== STUDY MATERIAL ==

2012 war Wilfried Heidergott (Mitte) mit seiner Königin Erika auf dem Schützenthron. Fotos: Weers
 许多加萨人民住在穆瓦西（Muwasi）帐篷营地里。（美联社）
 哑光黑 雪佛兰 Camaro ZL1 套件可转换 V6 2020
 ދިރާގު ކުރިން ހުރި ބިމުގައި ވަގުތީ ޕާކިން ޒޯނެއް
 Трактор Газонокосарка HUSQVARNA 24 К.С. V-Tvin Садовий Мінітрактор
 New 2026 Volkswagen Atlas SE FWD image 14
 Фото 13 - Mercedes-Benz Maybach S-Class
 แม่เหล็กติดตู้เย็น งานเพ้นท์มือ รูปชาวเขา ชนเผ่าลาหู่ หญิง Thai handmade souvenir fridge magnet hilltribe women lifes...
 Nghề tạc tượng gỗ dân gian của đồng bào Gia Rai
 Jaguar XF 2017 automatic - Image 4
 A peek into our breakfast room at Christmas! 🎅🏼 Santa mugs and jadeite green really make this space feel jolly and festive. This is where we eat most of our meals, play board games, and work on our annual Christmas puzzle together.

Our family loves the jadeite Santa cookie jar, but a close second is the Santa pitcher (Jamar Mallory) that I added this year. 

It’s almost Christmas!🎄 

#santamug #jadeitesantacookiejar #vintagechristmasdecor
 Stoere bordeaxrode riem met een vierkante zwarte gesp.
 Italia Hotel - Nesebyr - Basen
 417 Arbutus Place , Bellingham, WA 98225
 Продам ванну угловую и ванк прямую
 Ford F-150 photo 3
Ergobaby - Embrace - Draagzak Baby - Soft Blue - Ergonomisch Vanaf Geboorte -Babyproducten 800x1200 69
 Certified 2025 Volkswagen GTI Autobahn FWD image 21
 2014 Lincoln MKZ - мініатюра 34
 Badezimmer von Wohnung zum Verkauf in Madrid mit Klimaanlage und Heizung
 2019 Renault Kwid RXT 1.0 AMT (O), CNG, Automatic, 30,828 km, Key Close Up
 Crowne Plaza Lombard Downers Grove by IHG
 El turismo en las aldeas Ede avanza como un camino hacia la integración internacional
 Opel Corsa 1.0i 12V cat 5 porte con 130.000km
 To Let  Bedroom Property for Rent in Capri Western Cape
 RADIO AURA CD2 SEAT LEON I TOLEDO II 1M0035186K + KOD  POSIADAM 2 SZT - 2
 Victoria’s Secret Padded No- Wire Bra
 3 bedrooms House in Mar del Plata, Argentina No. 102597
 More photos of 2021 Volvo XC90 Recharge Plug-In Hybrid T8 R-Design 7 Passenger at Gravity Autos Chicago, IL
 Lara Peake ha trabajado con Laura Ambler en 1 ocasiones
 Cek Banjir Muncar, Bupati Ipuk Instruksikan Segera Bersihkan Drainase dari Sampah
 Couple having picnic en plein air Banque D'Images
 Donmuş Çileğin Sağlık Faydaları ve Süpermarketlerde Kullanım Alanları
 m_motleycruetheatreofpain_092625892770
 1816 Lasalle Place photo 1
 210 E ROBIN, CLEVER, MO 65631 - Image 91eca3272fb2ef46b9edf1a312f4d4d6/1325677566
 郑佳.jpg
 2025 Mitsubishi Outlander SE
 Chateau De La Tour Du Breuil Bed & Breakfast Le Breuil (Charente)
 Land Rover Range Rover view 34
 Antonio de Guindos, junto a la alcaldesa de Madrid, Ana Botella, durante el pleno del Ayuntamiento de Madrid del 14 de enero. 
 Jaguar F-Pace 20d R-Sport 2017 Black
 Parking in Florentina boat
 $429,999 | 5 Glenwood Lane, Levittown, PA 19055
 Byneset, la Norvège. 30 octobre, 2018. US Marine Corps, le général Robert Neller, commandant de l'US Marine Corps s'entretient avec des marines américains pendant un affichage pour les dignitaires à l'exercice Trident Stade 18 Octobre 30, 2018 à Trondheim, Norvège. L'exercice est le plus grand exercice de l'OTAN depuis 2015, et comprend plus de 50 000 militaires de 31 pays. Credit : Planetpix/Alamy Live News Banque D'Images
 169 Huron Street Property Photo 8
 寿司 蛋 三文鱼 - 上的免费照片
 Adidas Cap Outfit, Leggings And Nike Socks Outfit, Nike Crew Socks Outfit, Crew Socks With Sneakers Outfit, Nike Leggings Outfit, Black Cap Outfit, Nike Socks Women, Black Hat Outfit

== WHAT THE EXERCISE ASKS ==
Reproduce exactly, and with no other material, the lines between those holding "#santamug #jadeitesantacookiejar #vintagechristmasdecor" and "Ford F-150 photo 3", inclusive.

== RESULT FOR THIS TASK ==
#santamug #jadeitesantacookiejar #vintagechristmasdecor
 Stoere bordeaxrode riem met een vierkante zwarte gesp.
 Italia Hotel - Nesebyr - Basen
 417 Arbutus Place , Bellingham, WA 98225
 Продам ванну угловую и ванк прямую
 Ford F-150 photo 3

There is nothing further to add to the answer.